THE PROBLEM: Beginning with the line where "1pc Letter Embroidery" appears, retype every remaining line of the data below, both the first and last included.

------ INFORMATION ------

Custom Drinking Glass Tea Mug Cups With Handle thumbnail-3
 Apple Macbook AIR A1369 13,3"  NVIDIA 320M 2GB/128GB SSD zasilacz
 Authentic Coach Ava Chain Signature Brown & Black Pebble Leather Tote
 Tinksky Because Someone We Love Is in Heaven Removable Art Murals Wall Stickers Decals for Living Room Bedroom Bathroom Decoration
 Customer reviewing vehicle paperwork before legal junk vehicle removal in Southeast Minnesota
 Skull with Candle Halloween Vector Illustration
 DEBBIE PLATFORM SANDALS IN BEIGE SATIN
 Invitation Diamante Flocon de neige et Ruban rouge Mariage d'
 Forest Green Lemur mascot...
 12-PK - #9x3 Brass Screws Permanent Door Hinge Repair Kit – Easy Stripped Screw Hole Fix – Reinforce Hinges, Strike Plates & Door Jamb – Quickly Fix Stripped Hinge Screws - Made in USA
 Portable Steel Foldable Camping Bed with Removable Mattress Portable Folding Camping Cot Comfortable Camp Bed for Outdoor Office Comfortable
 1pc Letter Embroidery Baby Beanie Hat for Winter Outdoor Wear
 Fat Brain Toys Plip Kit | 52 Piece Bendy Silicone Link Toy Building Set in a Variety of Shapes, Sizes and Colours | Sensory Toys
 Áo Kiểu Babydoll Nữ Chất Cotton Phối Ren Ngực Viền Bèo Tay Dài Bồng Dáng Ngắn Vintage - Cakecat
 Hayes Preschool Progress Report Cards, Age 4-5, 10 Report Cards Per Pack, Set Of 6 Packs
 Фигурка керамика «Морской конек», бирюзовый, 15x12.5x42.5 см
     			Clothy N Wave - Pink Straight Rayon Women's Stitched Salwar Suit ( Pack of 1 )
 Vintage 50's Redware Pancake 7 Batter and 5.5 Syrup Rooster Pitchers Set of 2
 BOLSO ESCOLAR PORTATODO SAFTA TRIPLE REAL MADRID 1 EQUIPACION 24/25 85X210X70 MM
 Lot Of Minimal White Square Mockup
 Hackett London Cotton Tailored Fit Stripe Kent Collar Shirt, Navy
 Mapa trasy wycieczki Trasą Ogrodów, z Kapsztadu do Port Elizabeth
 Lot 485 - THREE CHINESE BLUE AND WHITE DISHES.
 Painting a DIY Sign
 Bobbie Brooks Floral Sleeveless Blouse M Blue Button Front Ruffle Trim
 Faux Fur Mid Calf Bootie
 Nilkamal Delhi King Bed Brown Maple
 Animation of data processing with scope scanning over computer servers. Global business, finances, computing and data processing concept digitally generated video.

------

RESULT OF THE EXERCISE:
 1pc Letter Embroidery Baby Beanie Hat for Winter Outdoor Wear
 Fat Brain Toys Plip Kit | 52 Piece Bendy Silicone Link Toy Building Set in a Variety of Shapes, Sizes and Colours | Sensory Toys
 Áo Kiểu Babydoll Nữ Chất Cotton Phối Ren Ngực Viền Bèo Tay Dài Bồng Dáng Ngắn Vintage - Cakecat
 Hayes Preschool Progress Report Cards, Age 4-5, 10 Report Cards Per Pack, Set Of 6 Packs
 Фигурка керамика «Морской конек», бирюзовый, 15x12.5x42.5 см
     			Clothy N Wave - Pink Straight Rayon Women's Stitched Salwar Suit ( Pack of 1 )
 Vintage 50's Redware Pancake 7 Batter and 5.5 Syrup Rooster Pitchers Set of 2
 BOLSO ESCOLAR PORTATODO SAFTA TRIPLE REAL MADRID 1 EQUIPACION 24/25 85X210X70 MM
 Lot Of Minimal White Square Mockup
 Hackett London Cotton Tailored Fit Stripe Kent Collar Shirt, Navy
 Mapa trasy wycieczki Trasą Ogrodów, z Kapsztadu do Port Elizabeth
 Lot 485 - THREE CHINESE BLUE AND WHITE DISHES.
 Painting a DIY Sign
 Bobbie Brooks Floral Sleeveless Blouse M Blue Button Front Ruffle Trim
 Faux Fur Mid Calf Bootie
 Nilkamal Delhi King Bed Brown Maple
 Animation of data processing with scope scanning over computer servers. Global business, finances, computing and data processing concept digitally generated video.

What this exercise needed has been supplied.